Keywords

1 Introduction

Nowadays, the problem of information and fact extraction remains unsolved. Existing models and algorithms for fact extraction depend on the degree of a document structuring. In this way, we can divide text documents into: (1) well-structured texts, which often content tabular data; (2) semi-structured text documents described a specific domain, and (3) unstructured text document of any domain [1].

Generally, there are robust algorithms [2, 3] for fact extraction from well-structured text documents. At the same time, despite the constant growth of interest in researches of information extraction from Web content, there is no general and well-grounded approach for structured information extraction from unstructured texts [4, 5]. This growing interest is primarily caused by the huge volumes of unstructured text information available in corporate and Internet networks (according to some sources, there are more than 85% of such texts). Additionally, increasing interest in researches of fact identification and extraction from unstructured texts is largely due to the expansion of areas of their use.

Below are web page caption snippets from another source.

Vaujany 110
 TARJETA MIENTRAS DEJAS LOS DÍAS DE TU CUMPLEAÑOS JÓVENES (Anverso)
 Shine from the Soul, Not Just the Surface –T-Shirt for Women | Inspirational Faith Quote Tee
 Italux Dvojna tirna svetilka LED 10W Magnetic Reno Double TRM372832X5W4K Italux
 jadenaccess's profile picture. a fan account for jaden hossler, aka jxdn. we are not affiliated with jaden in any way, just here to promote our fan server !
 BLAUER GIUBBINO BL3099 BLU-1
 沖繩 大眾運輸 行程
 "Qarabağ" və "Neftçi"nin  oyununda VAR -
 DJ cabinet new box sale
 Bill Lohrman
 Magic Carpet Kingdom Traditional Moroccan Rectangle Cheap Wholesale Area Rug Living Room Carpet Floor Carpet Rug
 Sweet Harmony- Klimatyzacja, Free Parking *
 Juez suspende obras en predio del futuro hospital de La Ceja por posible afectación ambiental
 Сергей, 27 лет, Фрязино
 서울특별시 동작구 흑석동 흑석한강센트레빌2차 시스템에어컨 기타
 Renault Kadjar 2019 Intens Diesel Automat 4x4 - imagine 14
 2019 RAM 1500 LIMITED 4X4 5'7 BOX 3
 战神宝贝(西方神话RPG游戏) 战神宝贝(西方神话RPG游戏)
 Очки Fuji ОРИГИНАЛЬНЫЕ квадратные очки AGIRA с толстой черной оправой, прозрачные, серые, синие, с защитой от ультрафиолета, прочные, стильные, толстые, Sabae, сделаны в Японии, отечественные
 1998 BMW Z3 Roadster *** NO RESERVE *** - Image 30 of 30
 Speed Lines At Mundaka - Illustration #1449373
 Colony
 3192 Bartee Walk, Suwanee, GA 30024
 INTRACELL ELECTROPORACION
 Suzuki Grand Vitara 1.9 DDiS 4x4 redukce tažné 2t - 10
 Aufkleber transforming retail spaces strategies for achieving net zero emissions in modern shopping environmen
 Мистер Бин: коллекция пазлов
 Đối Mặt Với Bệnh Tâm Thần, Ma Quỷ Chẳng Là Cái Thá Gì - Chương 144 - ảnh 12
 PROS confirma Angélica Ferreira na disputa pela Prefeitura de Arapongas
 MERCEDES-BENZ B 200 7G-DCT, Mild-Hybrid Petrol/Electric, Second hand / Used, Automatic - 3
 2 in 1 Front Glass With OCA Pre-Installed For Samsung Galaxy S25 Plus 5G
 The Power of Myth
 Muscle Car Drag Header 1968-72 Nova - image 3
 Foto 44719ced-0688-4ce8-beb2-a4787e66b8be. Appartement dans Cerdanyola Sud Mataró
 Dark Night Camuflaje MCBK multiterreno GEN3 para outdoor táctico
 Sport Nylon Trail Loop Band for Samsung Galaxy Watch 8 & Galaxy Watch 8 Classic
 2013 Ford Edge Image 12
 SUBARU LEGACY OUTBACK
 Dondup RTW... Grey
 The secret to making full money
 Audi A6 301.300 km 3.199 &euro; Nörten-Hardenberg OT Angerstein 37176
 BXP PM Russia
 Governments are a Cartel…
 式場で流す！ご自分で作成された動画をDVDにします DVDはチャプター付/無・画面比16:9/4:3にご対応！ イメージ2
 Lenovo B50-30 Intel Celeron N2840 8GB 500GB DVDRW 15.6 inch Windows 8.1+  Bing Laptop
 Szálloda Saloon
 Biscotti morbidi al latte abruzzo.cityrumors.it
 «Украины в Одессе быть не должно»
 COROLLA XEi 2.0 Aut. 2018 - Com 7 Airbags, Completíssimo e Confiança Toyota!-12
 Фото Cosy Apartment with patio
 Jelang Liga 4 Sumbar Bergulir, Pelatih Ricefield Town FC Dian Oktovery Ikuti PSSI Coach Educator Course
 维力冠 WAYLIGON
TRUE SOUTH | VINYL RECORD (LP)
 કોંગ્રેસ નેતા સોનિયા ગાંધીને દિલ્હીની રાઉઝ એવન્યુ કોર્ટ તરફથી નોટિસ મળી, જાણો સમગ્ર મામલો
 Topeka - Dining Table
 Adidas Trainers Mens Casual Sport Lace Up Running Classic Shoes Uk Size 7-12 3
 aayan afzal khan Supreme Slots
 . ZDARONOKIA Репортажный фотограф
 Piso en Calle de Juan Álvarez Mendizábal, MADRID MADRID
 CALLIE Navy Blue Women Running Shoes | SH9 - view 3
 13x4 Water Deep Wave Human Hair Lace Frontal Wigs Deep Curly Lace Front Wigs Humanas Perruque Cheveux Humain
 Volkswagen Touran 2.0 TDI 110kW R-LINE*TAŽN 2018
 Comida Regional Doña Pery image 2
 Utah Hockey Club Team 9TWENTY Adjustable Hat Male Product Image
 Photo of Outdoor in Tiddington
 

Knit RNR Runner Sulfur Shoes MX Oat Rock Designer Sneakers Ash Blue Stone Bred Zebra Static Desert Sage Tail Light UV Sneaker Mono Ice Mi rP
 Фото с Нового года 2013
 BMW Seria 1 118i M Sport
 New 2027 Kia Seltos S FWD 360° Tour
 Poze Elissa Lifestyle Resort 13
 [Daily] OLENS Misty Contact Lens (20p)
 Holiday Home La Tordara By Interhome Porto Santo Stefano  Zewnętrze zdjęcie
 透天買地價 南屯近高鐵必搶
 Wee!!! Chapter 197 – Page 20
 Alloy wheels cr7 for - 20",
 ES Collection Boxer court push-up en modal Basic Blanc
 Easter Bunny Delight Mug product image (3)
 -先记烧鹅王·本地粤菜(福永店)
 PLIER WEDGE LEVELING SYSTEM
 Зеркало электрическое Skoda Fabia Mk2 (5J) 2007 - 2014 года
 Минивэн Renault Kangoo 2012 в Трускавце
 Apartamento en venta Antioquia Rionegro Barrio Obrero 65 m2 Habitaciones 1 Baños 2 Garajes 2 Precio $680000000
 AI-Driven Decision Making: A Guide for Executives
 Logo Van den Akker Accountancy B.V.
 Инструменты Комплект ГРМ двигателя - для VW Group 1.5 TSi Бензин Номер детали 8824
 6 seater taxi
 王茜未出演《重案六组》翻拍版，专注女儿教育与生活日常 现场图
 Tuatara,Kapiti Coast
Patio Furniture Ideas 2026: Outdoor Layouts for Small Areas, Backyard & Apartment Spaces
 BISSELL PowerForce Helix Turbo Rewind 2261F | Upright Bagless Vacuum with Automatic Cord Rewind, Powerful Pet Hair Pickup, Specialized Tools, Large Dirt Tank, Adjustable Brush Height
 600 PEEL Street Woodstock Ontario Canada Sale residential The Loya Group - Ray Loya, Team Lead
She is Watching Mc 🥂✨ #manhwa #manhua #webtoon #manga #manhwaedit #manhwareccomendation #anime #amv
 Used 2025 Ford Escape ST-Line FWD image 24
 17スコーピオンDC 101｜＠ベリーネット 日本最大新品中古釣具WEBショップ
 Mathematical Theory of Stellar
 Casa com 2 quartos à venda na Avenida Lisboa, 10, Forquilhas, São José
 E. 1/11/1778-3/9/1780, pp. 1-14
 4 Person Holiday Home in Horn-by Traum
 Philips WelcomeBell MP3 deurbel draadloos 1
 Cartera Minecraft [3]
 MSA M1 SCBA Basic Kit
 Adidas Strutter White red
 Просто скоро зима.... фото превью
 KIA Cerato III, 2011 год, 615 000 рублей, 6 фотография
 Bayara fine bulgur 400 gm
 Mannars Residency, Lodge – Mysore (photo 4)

For instants, fact extraction from unstructured texts can be a serious additional source for ontologies generation based on Web content knowledge. Recent approaches of Open Information Extraction (Open IE) extract a fact as a triplet of Subject-Predicate-Object, where the Object and Subject are usually represented by nouns or noun phrases, while the Predicate is mostly expressed by a verb. This view of fact corresponds to an RDF graph (Fig. 1).

Fig. 1.
figure 1

The RDF diagram of a fact triplet, which corresponds to the concept of a fact in Open IE approach

Yet, the current approaches to structured information extraction from unstructured texts are either based on a limited number of predefined facts (IE) or use existing NLP tools for each specific language (Open IE). Solving both IE and Open IE tasks, a large labeled corpora of a particular language are required.

In our approach, we propose a logical-linguistic model for fact expression in a sentence of the natural language. This model implements the general approach of Open IE, namely, extraction of the unlimited domain-independent number of facts from texts.

This study focuses on the adaptation of our fact extraction model for the texts of the Kazakh language, which is the language with limited linguistic resources and, obviously, demands additional sources for Kazakh ontologies generation.

In order to estimate the effectiveness of the model, we utilize relatively small experimental corpus included texts extracted from Kazakh bilingual news websites.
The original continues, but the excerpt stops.